> **Records from a collection**
○ ○ ○ ○ ○

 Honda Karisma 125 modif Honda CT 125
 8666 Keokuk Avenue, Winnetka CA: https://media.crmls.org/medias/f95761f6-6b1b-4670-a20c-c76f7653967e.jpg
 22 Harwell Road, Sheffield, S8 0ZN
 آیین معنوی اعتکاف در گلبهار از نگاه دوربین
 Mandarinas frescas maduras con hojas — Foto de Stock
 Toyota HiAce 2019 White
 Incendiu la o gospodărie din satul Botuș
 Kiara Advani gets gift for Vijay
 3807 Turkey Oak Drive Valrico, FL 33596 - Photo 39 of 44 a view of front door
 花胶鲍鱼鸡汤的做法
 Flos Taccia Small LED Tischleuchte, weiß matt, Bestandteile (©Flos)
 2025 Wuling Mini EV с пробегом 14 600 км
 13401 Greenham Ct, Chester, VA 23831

○ ○ ○ ○ ○

The answer is the line containing "3807 Turkey Oak" together with every line after it in the records, repeated exactly and with nothing else.

> **Solution to the exercise**
 3807 Turkey Oak Drive Valrico, FL 33596 - Photo 39 of 44 a view of front door
 花胶鲍鱼鸡汤的做法
 Flos Taccia Small LED Tischleuchte, weiß matt, Bestandteile (©Flos)
 2025 Wuling Mini EV с пробегом 14 600 км
 13401 Greenham Ct, Chester, VA 23831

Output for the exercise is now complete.